Yazının tamamı için http://www.hurriyet.com.tr/yazarlar/24480298.asp
Yorum:
Putçuluk
Allah insanları belirli bir fıtrat üzere yaratmıştır. Bir nevi formattır bu fıtrat. Yani bir biçimdir. Onu değiştiremezsiniz. Bu fıtrat içinde bir yaratıcıya inanma ve ona kulluk etme ihtiyacı vardır. Bu bir ihtiyaçtır. İnsan için olmazsa olmazdır.
Allah insan için yaratıcının kendisi olduğunu, ona hiçbir şeyi ortak etmeden, yani şirksiz bir şekilde inanmasını ister. Gelgelelim insan ne yapar?
İnsan ya gerçekten Allah’ı şirksiz bir şekilde yaratıcısı olarak kabul eder ve yalnızca ona kulluk eder. Yani yalnızca onun için çalışır. Ya da Allah’ın yerine bir varlığı koyar ve her şeyini o varlığa borçlu olduğunu iddia eder.
Bu şirkinin altında aslında kendi menfaatleri yatar. Şirksiz bir şekilde tek tanrıya iman etmesi ve yalnızca ona kulluk etmesi menfaatlerine aykırıdır diye düşünür. Bu durumda ölü ya da diri birisini tanrısı yapar. Ölü birisini yapması rantı en yüksek olanıdır. Hayatta olmamasının verdiği avantajla onun hakkında menfaatlerine uygun üretimler yapabilir.
Günümüzde bunun en tipik örneği “Mustafa Kemal yaşasaydı” klişesidir. Her şeylerini ona borçlu oldukları Mustafa Kemal için uydururlar da uydururlar. Onun fikirlerini zerre kadar bilmezler ama kendi nefislerinin sonsuz tatminine alet ederler. Paraya, zevke, dünya hayatına karşı duydukları hevaları için onu kullanırlar.

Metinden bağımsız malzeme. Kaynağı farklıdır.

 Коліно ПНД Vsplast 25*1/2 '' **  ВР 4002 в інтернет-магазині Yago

Mekke müşriklerinin heykel karşısında tapınma ayinlerini Mustafa Kemal heykelleri karşısında yaparlar. Bu durum Mekke müşriklerinin dünya menfaatleri için yaptıkları bu tapınmanın günümüzdeki karşılığıdır. Mekke müşrikleri onların bir şey olmadığını bilmektedirler. Eğer o putlar olmazsa Mekke turistleri azalacak, rantları ellerinden gidecek diye düşünmektedirler. Oysa İslamiyet’i kabul etmeleri ile görmüşlerdir ki tam tersi olmuştur. Sadece Arap yarımadasının değil, dünyanın merkezi haline gelmiştir Mekke.
Aynı durum günümüz tapınanları için de geçerlidir. Yapmaları gereken hakkı kabul etmeleri, Yalnızca Allah’a ibadet etmeleridir. Göreceklerdir ki bunu yapınca hem dünya hem de ahiret menfaatinin en büyüğüne kavuşacaklardır. Türkiye dünyanın merkezi olacaktır. Tüm dünya gerçek İslamiyet’in merkezi olan Türkiye’nin peşinde koşacaktır.

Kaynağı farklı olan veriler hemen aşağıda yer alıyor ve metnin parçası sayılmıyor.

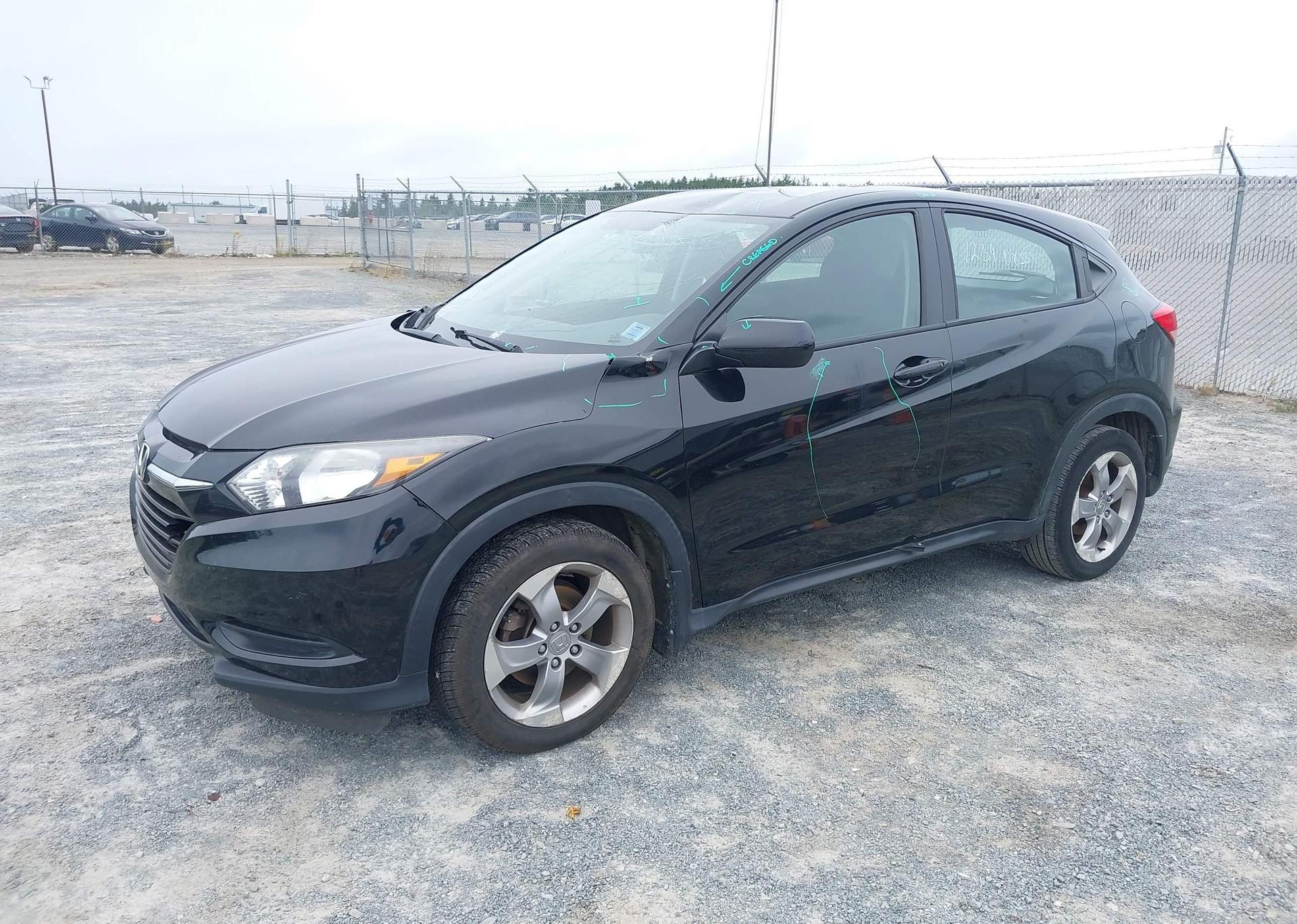 2018 HONDA HR-V LX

İslam düzeninin günümüz için üretilmiş olan tek örneği Adil Düzen’dir. İnsanlar batılın peşini bırakıp Adil Düzen’e geldikleri zaman hayatın aslında ne kadar kolay olduğunu, aslında ne kadar büyük bir karanlık içinde (zulüm) olduklarını fark edecekler ve aydınlığın (nurun) ne kadar da güzel bir şey olduğunu anlayacaklar. Yalnızca Allah’a ibadet etmenin ne kadar güzel bir şey olduğunu gözleriyle görecekler.